[Captioned web images]
▼

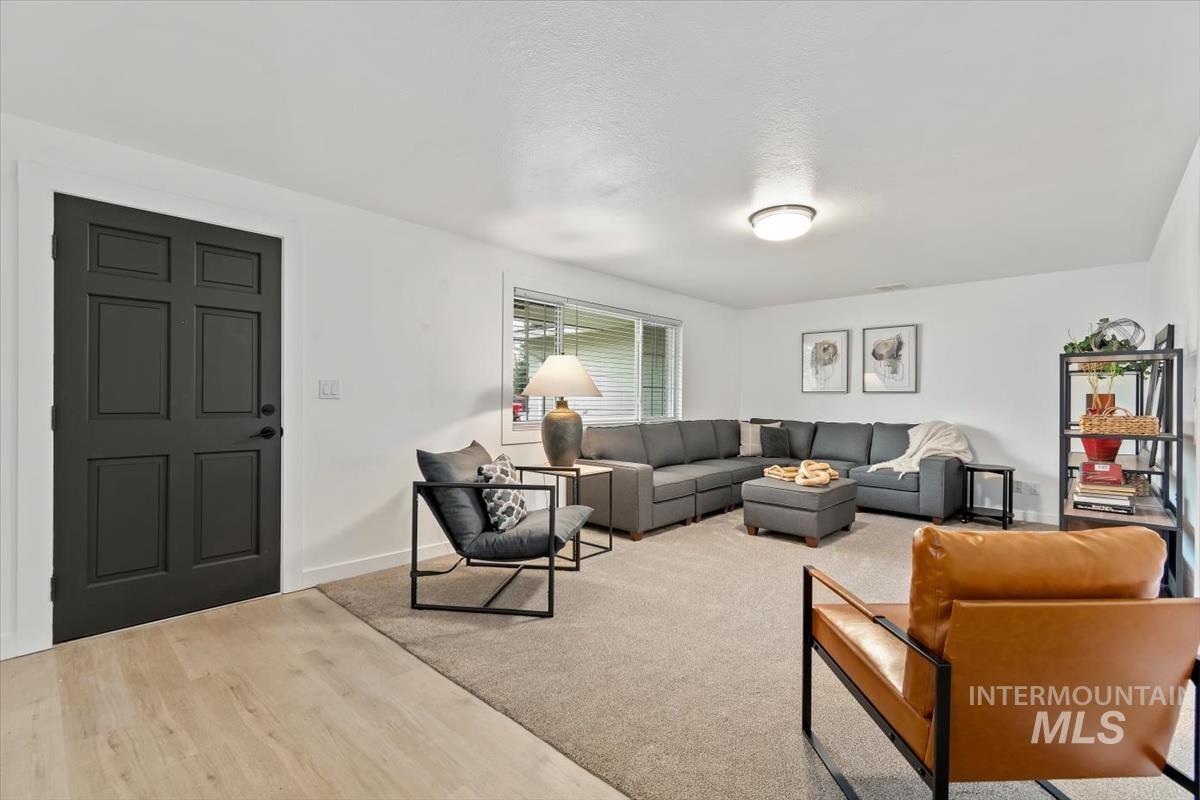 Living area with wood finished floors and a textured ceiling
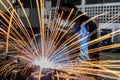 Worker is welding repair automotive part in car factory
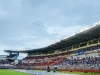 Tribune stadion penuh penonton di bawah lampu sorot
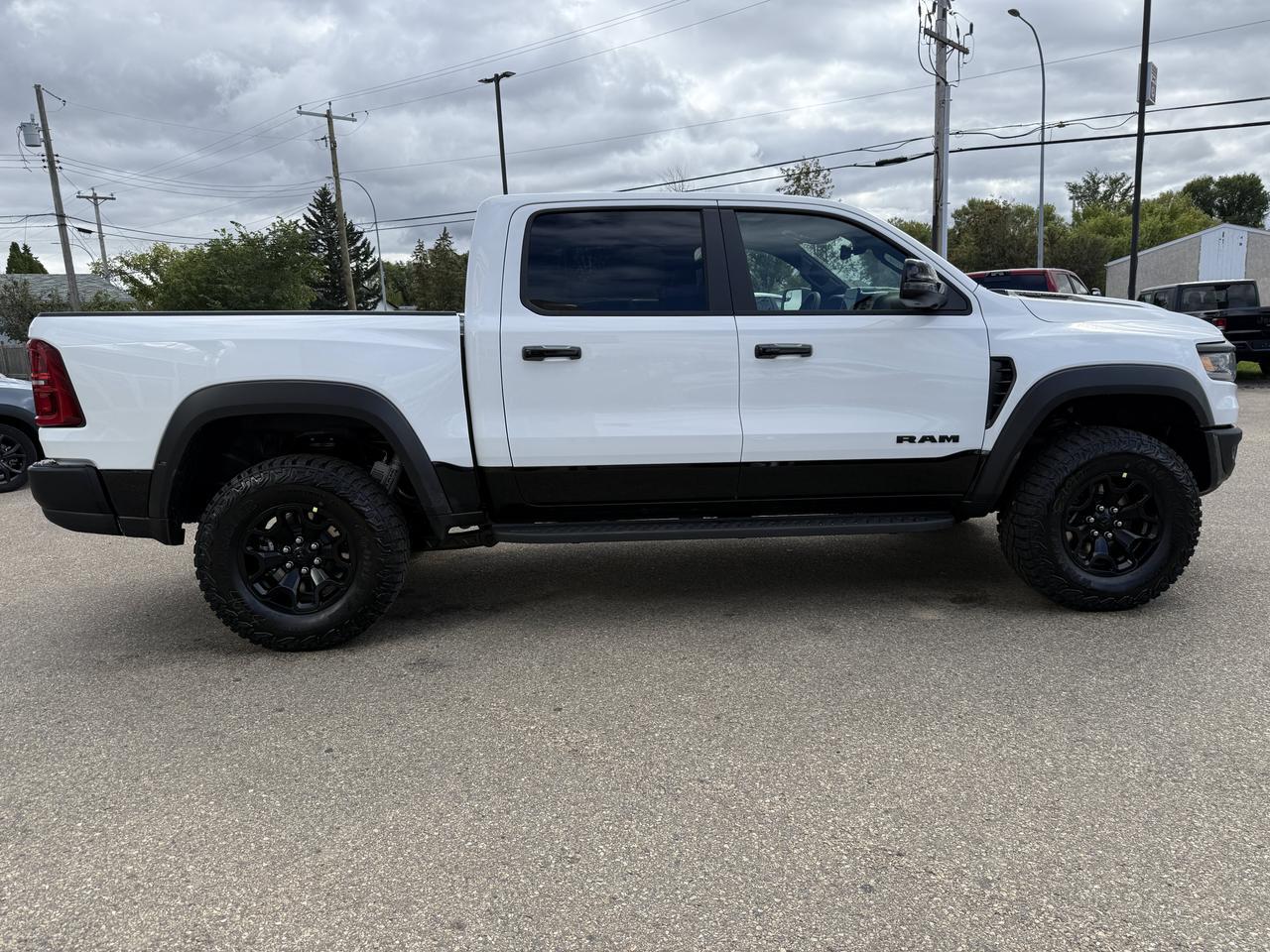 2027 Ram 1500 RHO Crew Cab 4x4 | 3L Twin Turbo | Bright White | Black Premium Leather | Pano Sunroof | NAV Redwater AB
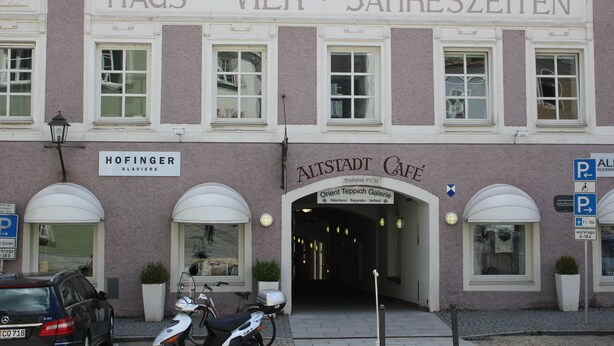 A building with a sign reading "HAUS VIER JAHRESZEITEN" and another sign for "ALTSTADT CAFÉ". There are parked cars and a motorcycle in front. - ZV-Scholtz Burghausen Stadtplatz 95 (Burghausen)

▲

**To do**
An exact copy of the data above is required, printed without its pictures.

**Answer box**
 Living area with wood finished floors and a textured ceiling
 Worker is welding repair automotive part in car factory
 Tribune stadion penuh penonton di bawah lampu sorot
 2027 Ram 1500 RHO Crew Cab 4x4 | 3L Twin Turbo | Bright White | Black Premium Leather | Pano Sunroof | NAV Redwater AB
 A building with a sign reading "HAUS VIER JAHRESZEITEN" and another sign for "ALTSTADT CAFÉ". There are parked cars and a motorcycle in front. - ZV-Scholtz Burghausen Stadtplatz 95 (Burghausen)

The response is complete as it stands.